DATA SECTION
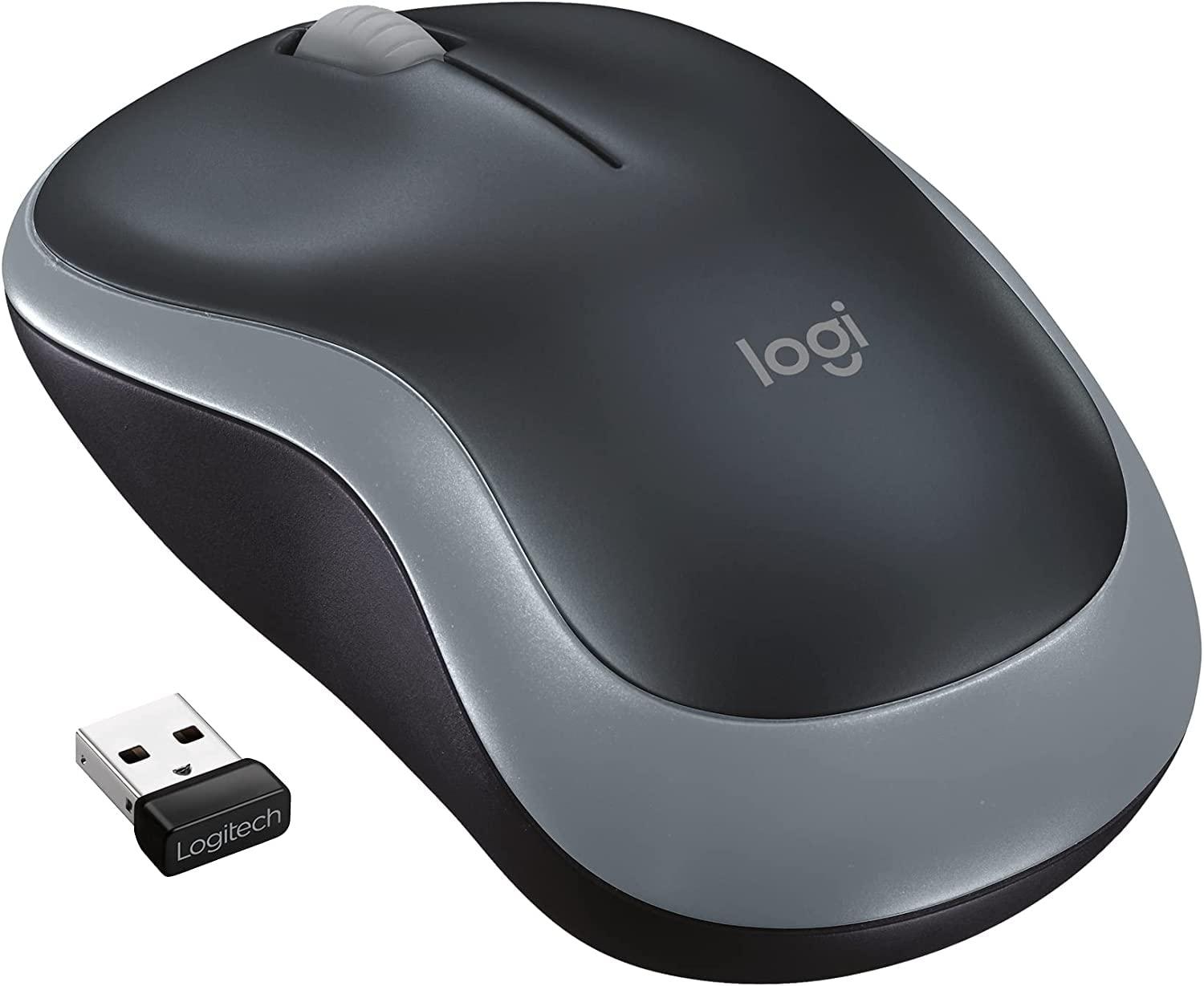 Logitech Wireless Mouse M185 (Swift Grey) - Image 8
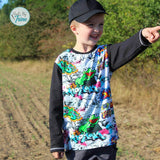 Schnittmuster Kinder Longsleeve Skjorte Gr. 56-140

...

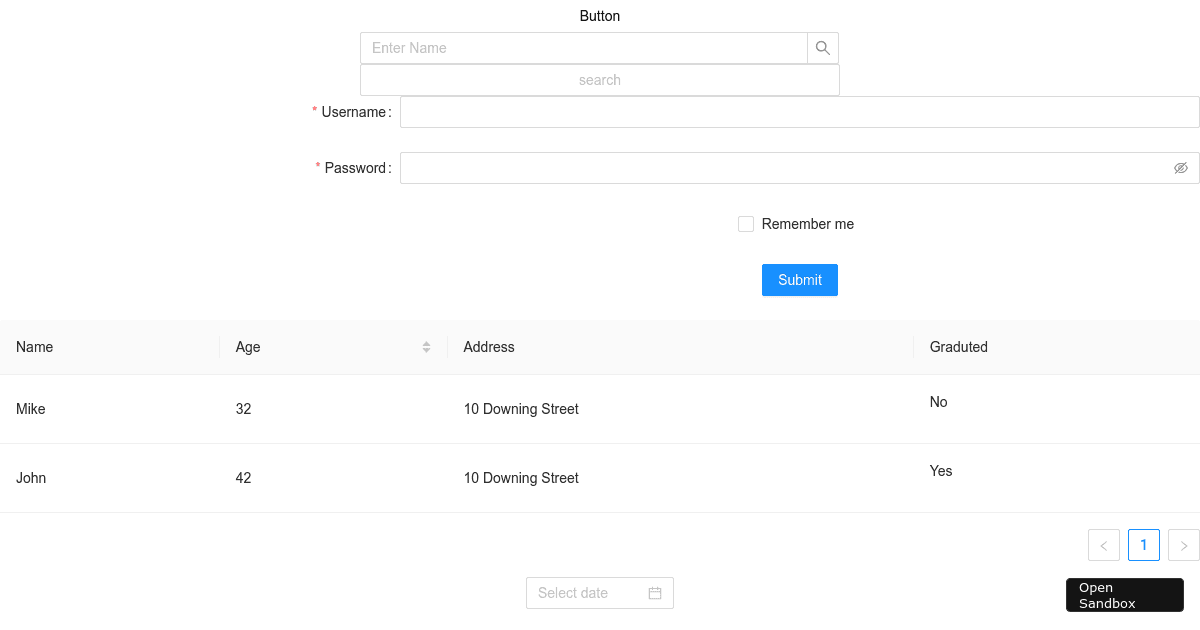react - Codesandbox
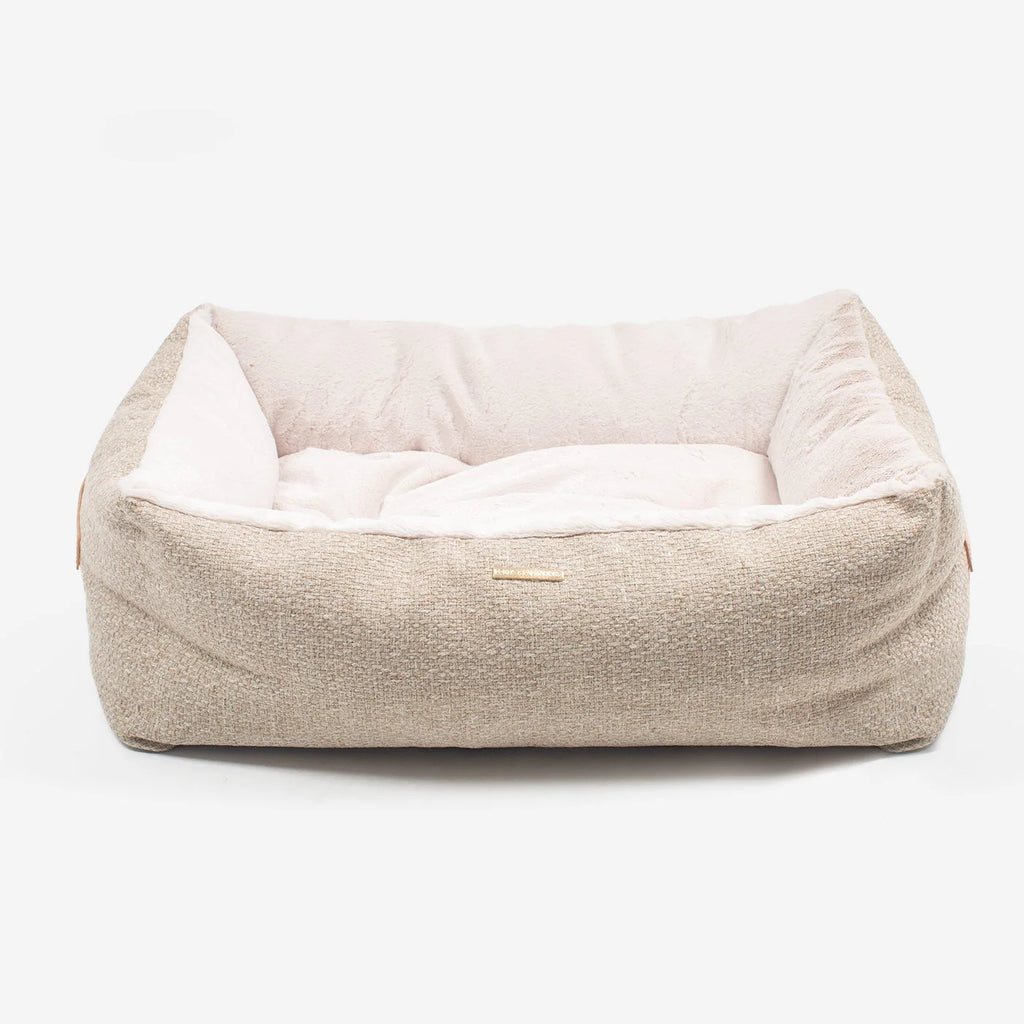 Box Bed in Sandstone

EXERCISE AIM
Each line above starting at the one holding "Logitech Wireless Mouse" and ending at the one holding "Schnittmuster Kinder Longsleeve" should be set down exactly as it stands, both ends included, with no pictures.

RESPONSE AREA
 Logitech Wireless Mouse M185 (Swift Grey) - Image 8
 Schnittmuster Kinder Longsleeve Skjorte Gr. 56-140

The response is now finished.